2024年サン・セバスティアン映画祭にて脚本賞と助演俳優賞を受賞した、フランス映画界の巨匠フランソワ・オゾン監督の最新作『秋が来るとき』が、5月30日(金)から公開されることが決定した。本作は、『焼け石に水』『8人の女たち』『スイミング・プール』などで国際的に高い評価を得てきたオゾン監督が、自身の幼少期の思い出をもとに制作した本作は、フランス・ブルゴーニュ地方の美しい秋を舞台にした人生ドラマだ。
80歳の主人公が抱える「秘密」とは
本作の主人公は、80歳の女性ミシェル。彼女は都会の生活を離れ、自然豊かなブルゴーニュの田舎で一人暮らしをしている。秋の休暇に訪れた娘と孫に振る舞ったキノコ料理をきっかけに、それぞれの過去が明らかになり、ミシェルは人生の最後にある「秘密」を守り抜く決意をする。
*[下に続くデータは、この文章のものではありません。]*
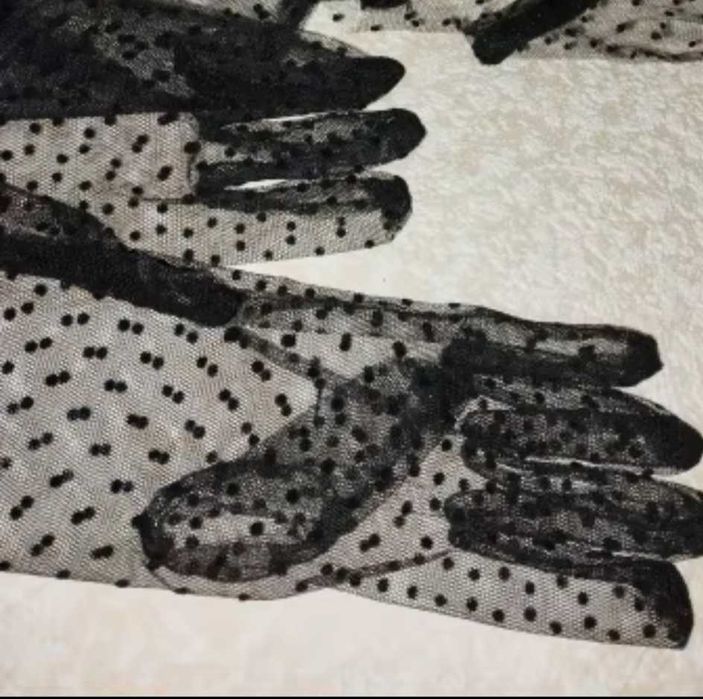 Рукавички фатинові  чорні з чорним горохом розмір універсальний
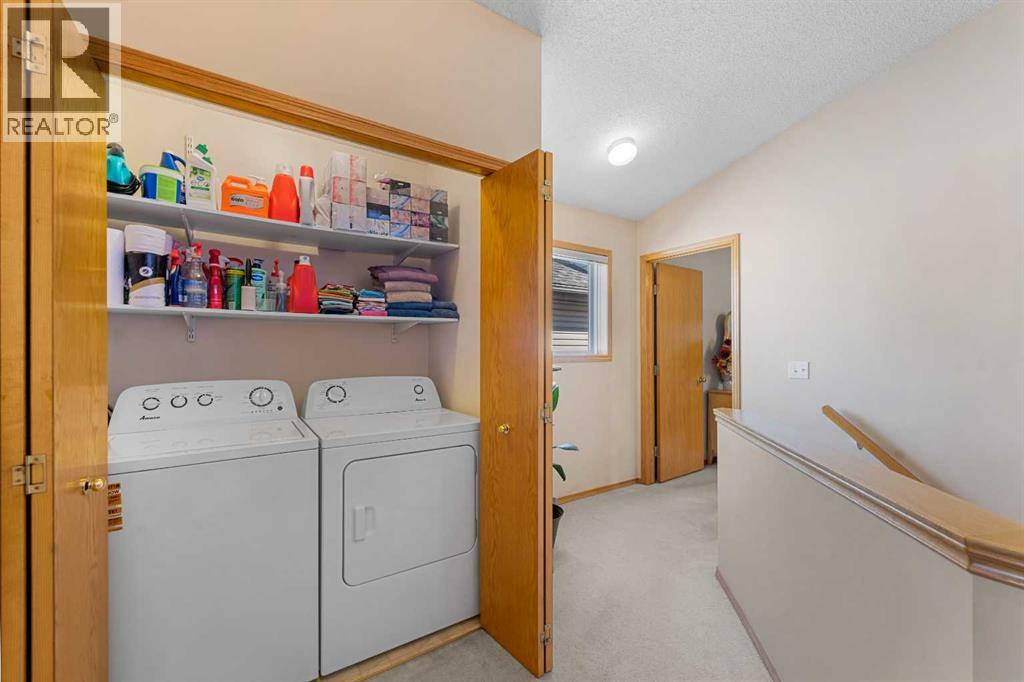 Single Family House for Sale in  Douglas Ridge Close SE Douglasdale/Glen Calgary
主人公ミシェルを演じるのは、フランスの名女優エレーヌ・ヴァンサン。親友マリー=クロード役にはジョジアーヌ・バラスコ、息子ヴァンサン役には本作でサン・セバスティアン映画祭助演俳優賞を受賞したピエール・ロタンが名を連ねる。さらに、オゾン作品『スイミング・プール』(2003年)以来、約22年ぶりにリュディヴィーヌ・サニエが出演する。
フランソワ・オゾン監督の思い
オゾン監督は本作について、「高齢者がスクリーンから姿を消していく現状を危惧している」と語る。「彼女たちの皺には人生の経験と時間の流れが刻まれており、その美しさを映し出したかった」とし、70代、80代の女優たちを積極的に起用した。また、劇中に描かれる「キノコ料理のエピソード」は監督自身の幼少期の経験に基づいており、過去の記憶と創作が融合した作品となっている。
本作は、オゾン監督の初期作品を思わせる濃厚な人生ドラマであり、緊張感とサスペンスを内包しながらも、親友との絆や世代を超えた愛情を繊細に描く。美しいブルゴーニュの風景とともに、人生の秋を迎えた女性の生き抜く力を映し出した作品として、多くの映画ファンの心を打つことだろう。
『秋が来るとき』は、2024年5月30日(金)より新宿ピカデリー、TOHOシネマズ シャンテほか全国公開予定。